1960s Home Teaching Film: Brought To You By Correlation

Here’s a video from BYU, excelling in melodrama, which tells exactly what can be accomplished by Priesthood Home Teaching: Healing the sick, reactivating the father of the sick, sucking up to quorum leaders, pleasing one’s wife, curing Jocko the Primary Demon of his ADHD, and so on.


Whoever wrote this thing was seriously messed up.  The guy sells attendance at church as an investment, “one hour for an eternity.”  John the boozy dad eventually piles a bunch of wood on Dave’s driveway; misinterpreted by the incessently sincere Dave as good old fun.  Eventually the Lord gets involved, leveraging a sledding accident into guilt, showing the Drunk fool what a terrible person he is.

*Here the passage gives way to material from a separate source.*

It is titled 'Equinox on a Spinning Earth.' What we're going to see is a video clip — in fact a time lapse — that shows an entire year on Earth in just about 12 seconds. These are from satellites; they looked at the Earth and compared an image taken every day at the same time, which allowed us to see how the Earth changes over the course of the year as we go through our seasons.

Some passages of the film, be warned, somehow exceed in dullness and dread even an actual visit from the Home Teachers.


  1. Marcy says:

    That is SO bad – its FANTASTIC!!! It’s Mormon Mad Men – Weird craziness amidst that cool 60’s style.

  2. FP says:

    Wow…just wow.

    I thought you were kidding about the name “Jocko” until I watched the film; you got me again. But seriously, makes me wonder how I saw past all this (and I saw plenty of it) as a convert.

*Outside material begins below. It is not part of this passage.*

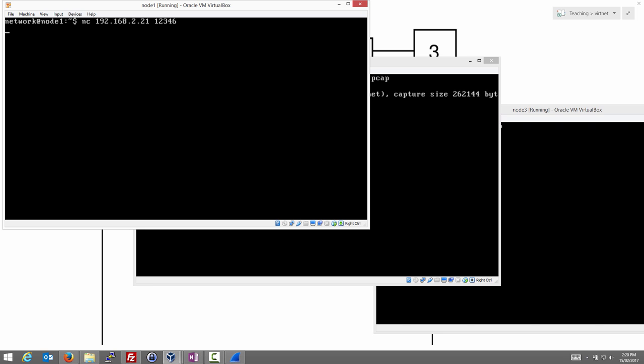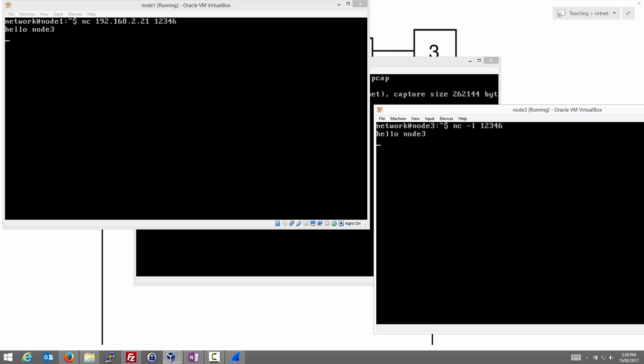And now what we type can be sent. So hello node 3. And let's just see. As we type on the client, the text is sent to node 3 and displayed. Here is my new secret. If I can spell.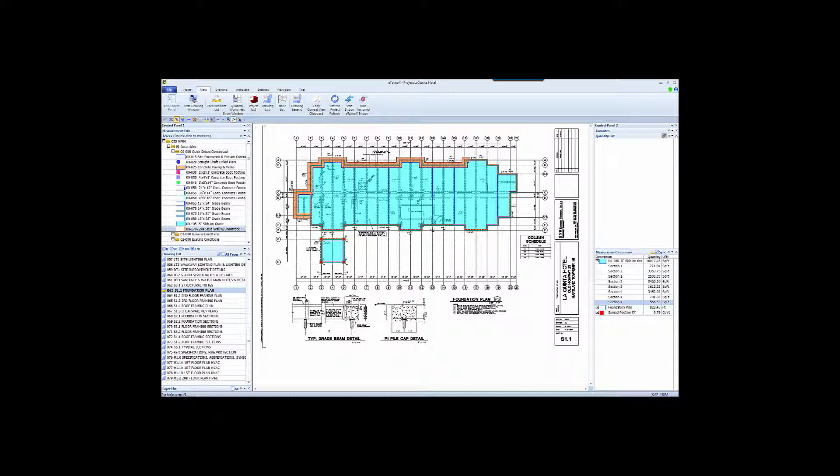Welcome. This video covers the new software program eTakeoff Bridge. It's an innovative tool to integrate electronic takeoff with Sage Estimating. eTakeoff Bridge includes features that have never before been seen in the industry.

    Here we have some imagined guy, “Smooth” Dave, stepping up to cure some imagined illness in some imagined loser named John (complete with beer and hay-seed Utah accent), in a film ostensibly portraying Home Teaching – a part of priesthood correlation (which is not about “numbers,” Dave, like ward teaching, and apparently is not to be confused with the Home Teaching of today – that scriptural “duty” of all priests/elders/hp’s which IS tracked most carefully); a film produced and sold to the Priesthood Correlation Dept., no doubt, using the same MO as that of the modern church A/V Dept., for all the same reasons (and an example of the earliest uses of COB-type personas, perhaps?). “If we can just get them to come to church (on their own, that is; you know, because they ‘want to’; which of course they would be doing if they wanted to anyway), then in spite of the fact that they *appear* to be happy, they really *would* be happy.” What’s the saying about motes and beams and hypocrites? And whatever happened to the Golden Rule in all this? “Wickedness never was happiness” we tell ourselves. What a really good thing it is that god invented the Priesthood Home Teaching Program (which is what “ward teaching” was the whole time, Silly; it just took correlation to show us that). Line upon line, baby; here a little name tweak, there a little name tweak; it’s the (unchanging) “principles” that count; and with that magic, Dave is offered as the shining example of a righteous priesthood holder, just when he is needed most. Oh, and that makes him oh so hot in his wife’s eyes (and maybe in John’s wife’s eyes), too! Pay attention, young men of the church; you know you want a devoted wife like that–home teaching can offer you an eternity of one willing to butter your bread for you in the middle of the night when you’re hungry for something, and can’t seem to unwind and sleep; that, and other “eternities”–a ridiculous word only a true, polluting gentile could come up with, when used the way Dave used it–await, all for a mere half-hour investment a month!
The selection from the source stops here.